In October 2020, North Queensland cane farmers Brain and Jamie Dore sold the first-ever Reef Credits to the global bank HSBC. In doing so, they paved the way for farmers to participate in a new environmental market focused on improving land management practices within the Great Barrier Reef catchments, and generating a new income stream based on improvements in water quality flowing onto the Reef. 

Environmental markets value ecosystem services, such as storing carbon in regenerating vegetation, or restoring and protecting native habitat. In the case of Reef Credits, it means recognising the effort involved in changing farming practices to reduce the flow of pollutants onto the Reef. And most importantly, doing this without negatively impacting agricultural productivity.

Generating up to six million Reef Credits by 2030

He said with estimates suggesting a market of up to six million Reef Credits by 2030, the potential is there for farmers and other land managers within the Great Barrier Reef catchments to gain an additional and regular income stream over 10–25-year timeframes.

“We know from farmers that are already involved in the scheme that running a Reef Credits project supports investment back into primary production activities and the continued adoption of sustainable practices,” says Mr Dryden.

“While the value of Reef Credits is variable depending on supply and demand, corporates, governments and others interested in protecting the Reef are supporting the scheme by purchasing credits to meet their environmental targets.”

Three ways to get involved

Mr Dryden explained that Reef Credits could be generated in three different ways. The first is by improving on-farm nutrient use efficiency, the second is by constructing wetlands to filter nutrients and reduce runoff, while the third focuses on gully rehabilitation to reduce fine sediment runoff.

“In a broad sense, the nutrient use efficiency projects are about improving current farm practices, while the wetlands and gully projects require capital investment.

“Of the three, the Managed Fertiliser Application method is currently most commonly adopted; however, the key message for farmers is that these improvements can be made sustainably and even increase their overall profitability.”

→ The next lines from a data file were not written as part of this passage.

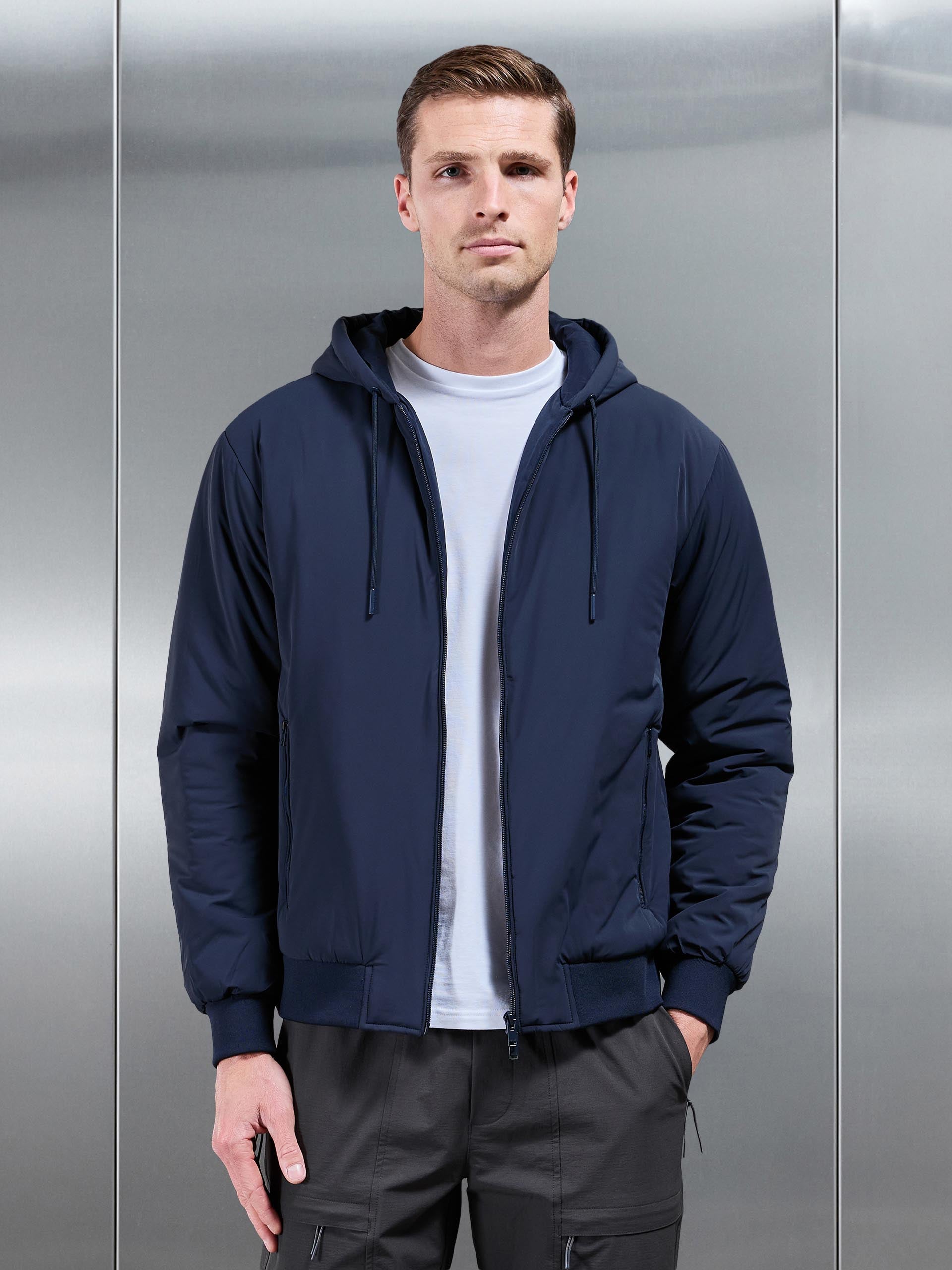 Mens Padded Tonal Windbreaker in Navy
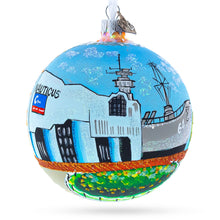 Load image into Gallery viewer, Battleship Wisconsin at Nautilus, Norfolk, Virginia, USA Glass Ball Christmas Ornament 4 Inches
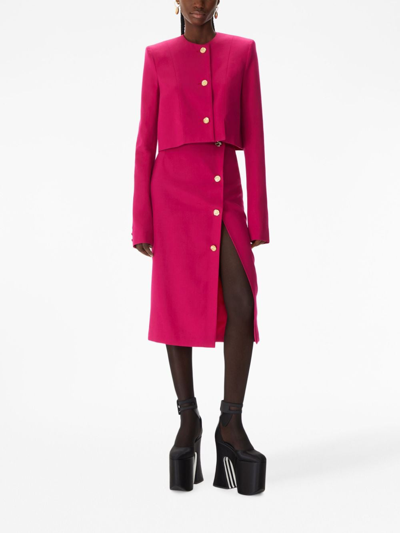 Shop Nina Ricci Long-sleeve Cropped Wool Jacket In Pink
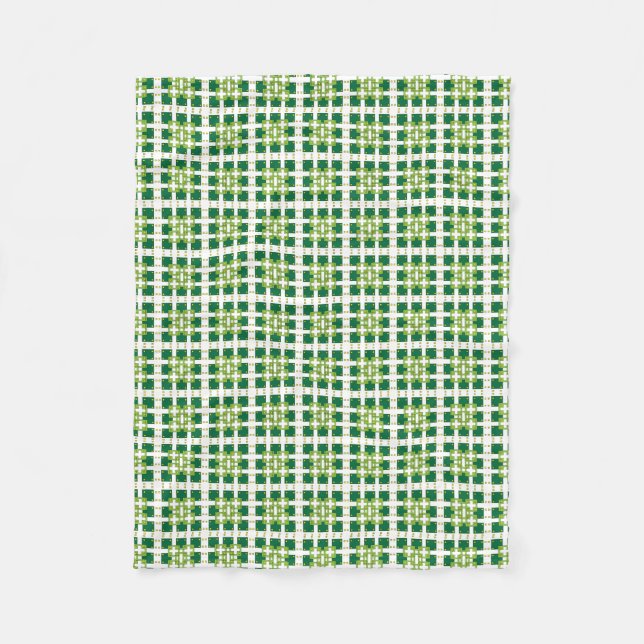 Modern geometric green Forest squares pattern Fleece Blanket (Front)
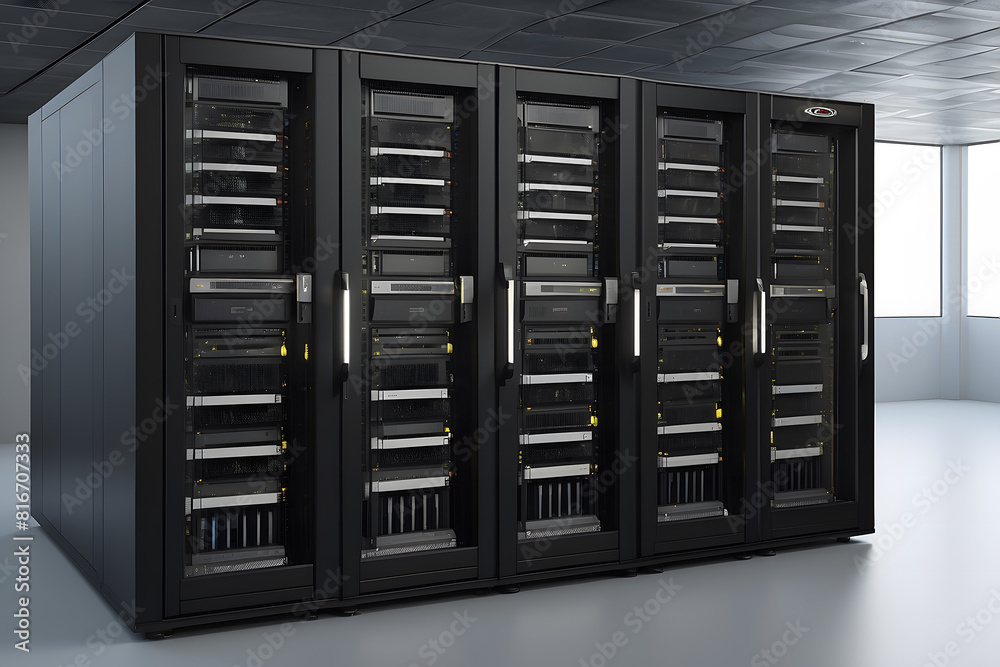 A compact server unit with powerful machines laid in stylish and functional racks design. A compact server unit with powerful machines laid in stylish and functional racks design.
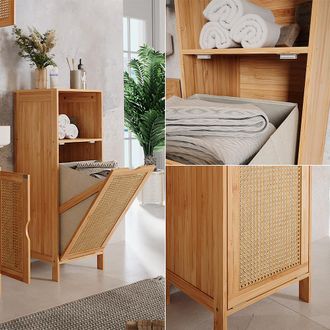 Vicco Armadietto Da Bagno Con Portabiancheria Liora, Bamb&ugrave;, 36 X 98 Cm, Vicco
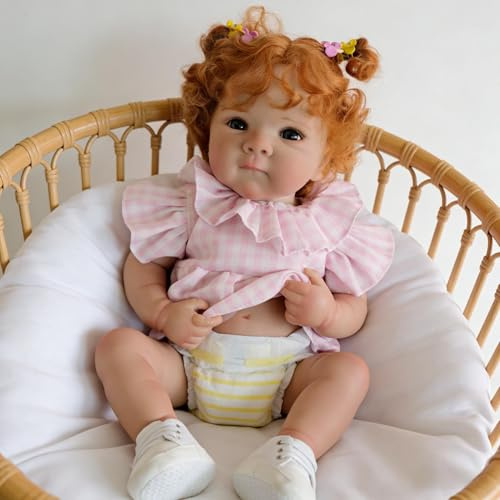 RXDOLL 18 Zoll Reborn Babypuppen Silikon Ganzkörper Mädchen Realistische Neugeborene Babys Puppen, die echt Aussehen Silikon Babypuppe mit verwurzelten roten lockigen Haaren für Mädchen ab 3 Jahren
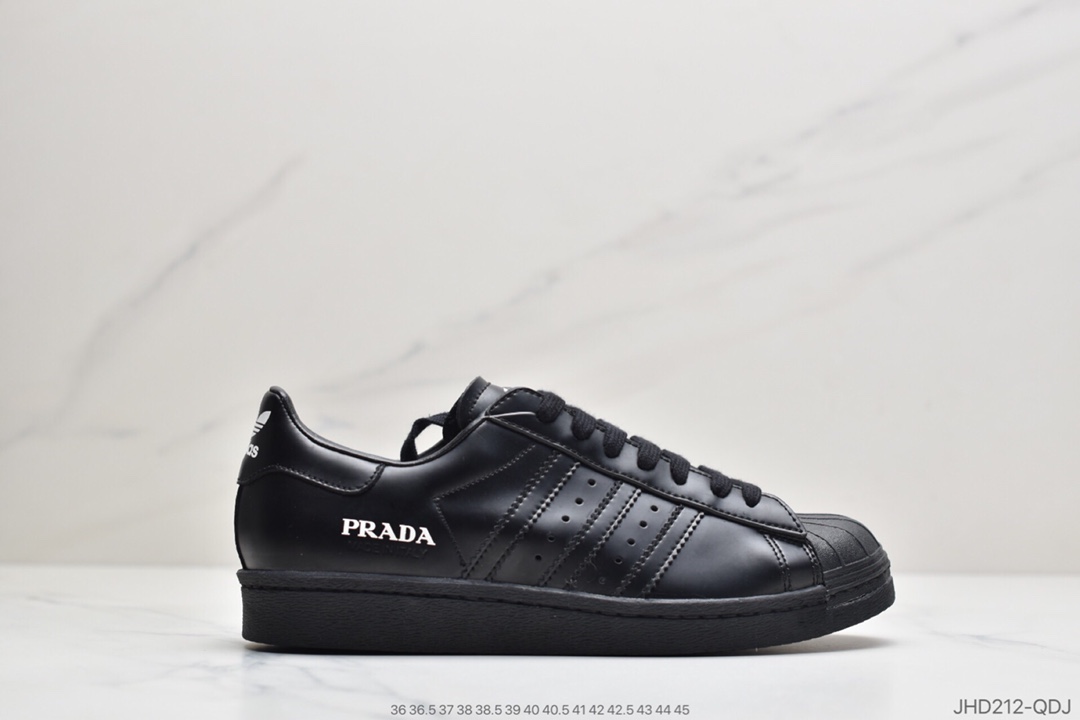 190 公司级意大利奢侈品牌(普拉达)Prada x adidas Superstar 80s”White/Black”贝壳头经典百搭休闲运动板鞋“皮革白黑LOGO普拉达”FX4546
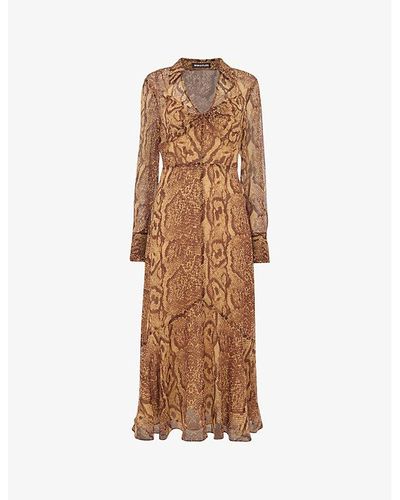 Whistles Serpent Graphic-print Long-sleeve Woven Midi Dress - Brown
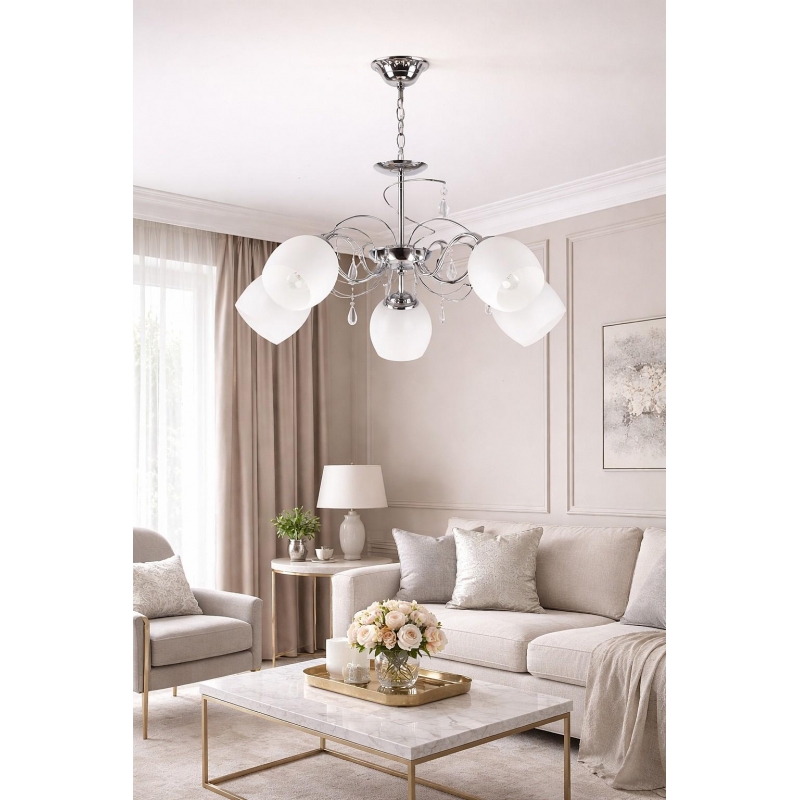 KQ 2221/5 FERROW PENDANT CHROME-OPAL GLASS Ζ3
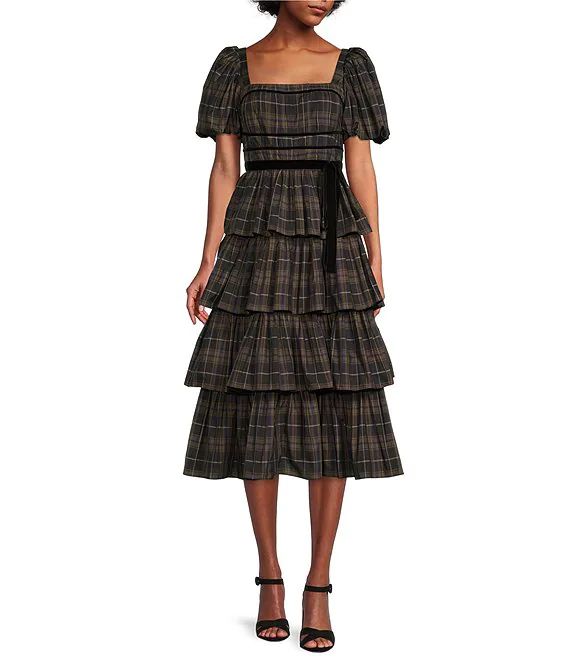 Antonio Melani Maisie Plaid Print Square Neck Puff Sleeve Midi Dress | Dillard's | Dillard's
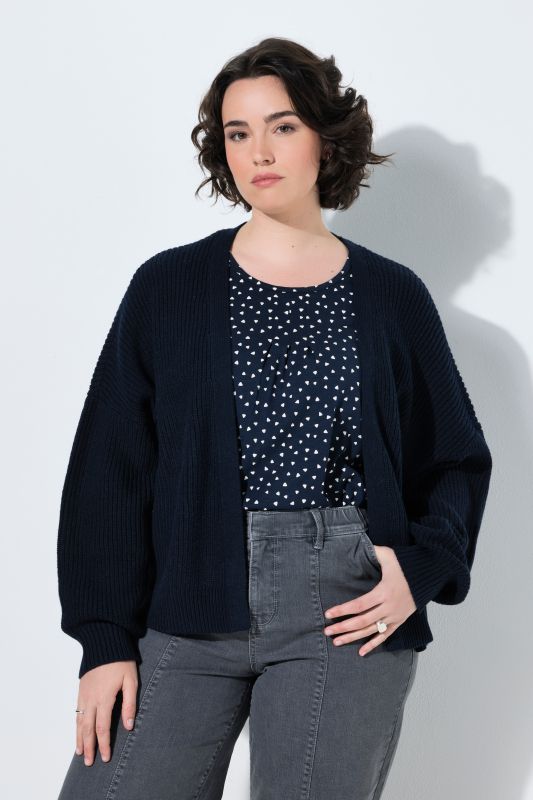 Open Shape Ribbed Knit Cardigan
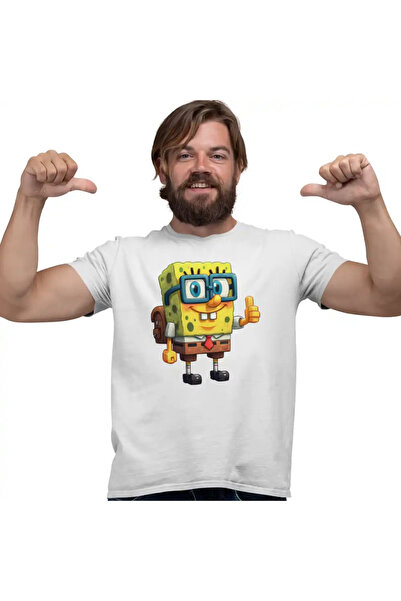 OEM Tricou Barbati Minecraft SpongeBob Nerd Sponge Bob Pantaloni Patrati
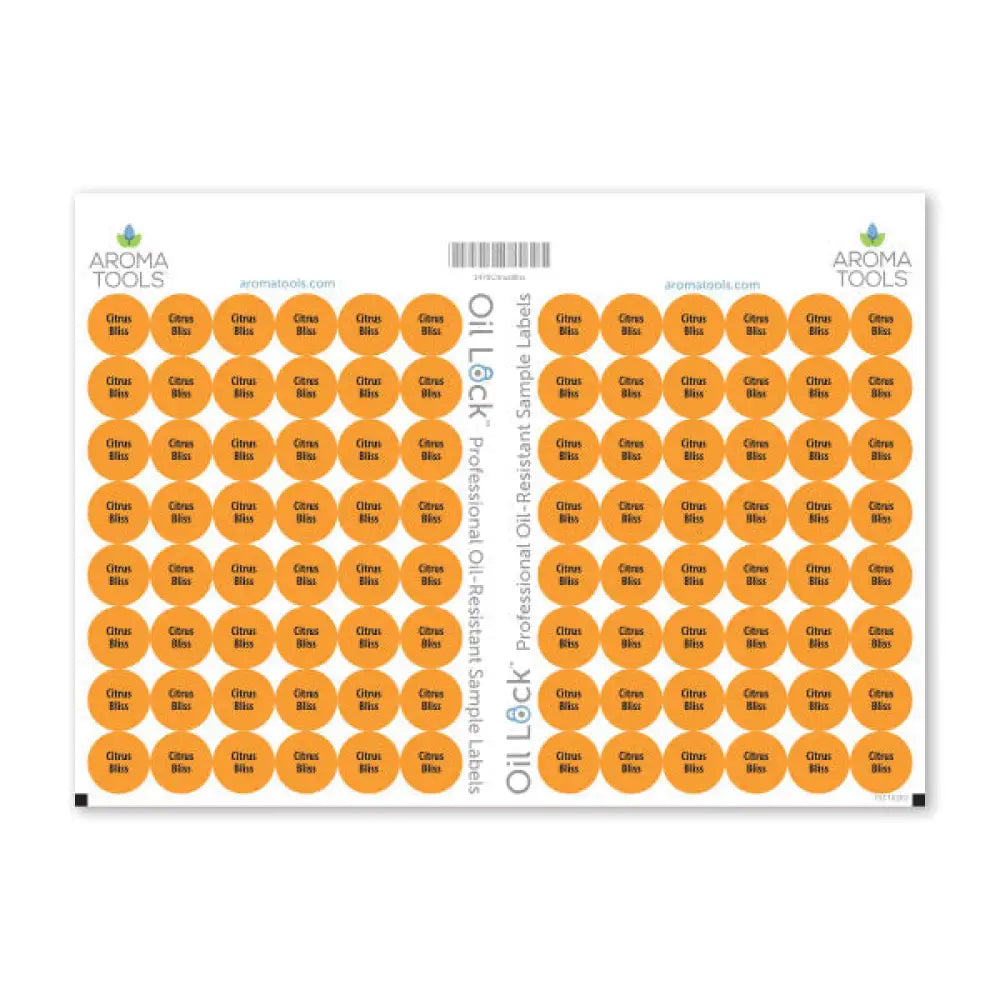 Oil Lock Circle Labels For Dterra Sample Vials (Sheets Of 96) Citrus Bliss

Mr Dryden said many farmers are already undertaking changes to adopt best land management practices, and a Reef Credit project supports the adoption of these practices financially over a 10-year period.

No-cost feasibility assessment

Mr Dryden said it is a relatively simple process to determine if a project is feasible.

“The first step is to do an assessment – which is at no cost to the farmer. We look at farm records and maps, and gather yield and fertiliser information. From this, we can quickly determine the inputs and productivity and see whether there is potential for a viable project.

“While property size is not necessarily a defining element, a general rule of thumb is that scale can be important. Generally, the bigger the farm, the more viable the project is likely to be; however, I would encourage anyone to talk to us to see if there is a solution that would work for them.”

Taking a farm-first approach

He said the important thing is that GreenCollar does not prescribe what farmers need to change.

“In our discussions, we always encourage farmers to work with their agronomists or other advisers to determine what changes, if any, would best suit their property or operation.

“For most, the changes being made are supported by industry best management practice. The option to generate and sell Reef Credits provides an additional incentive to make changes, with the bonus of delivering a diversified income for adopting best practice.”

According to Mr Dryden, the added income from Reef Credits can add up over the long term.

“Reef Credits are never going to be the main income for a farm. It’s about farming first, and then using Reef Credits as a complementary income source to support productivity.

“For managed fertiliser projects, a clear operational benefit is reducing fertiliser costs. Improving nutrient efficiency while maintaining productivity helps lower costs and puts more money in your pocket.”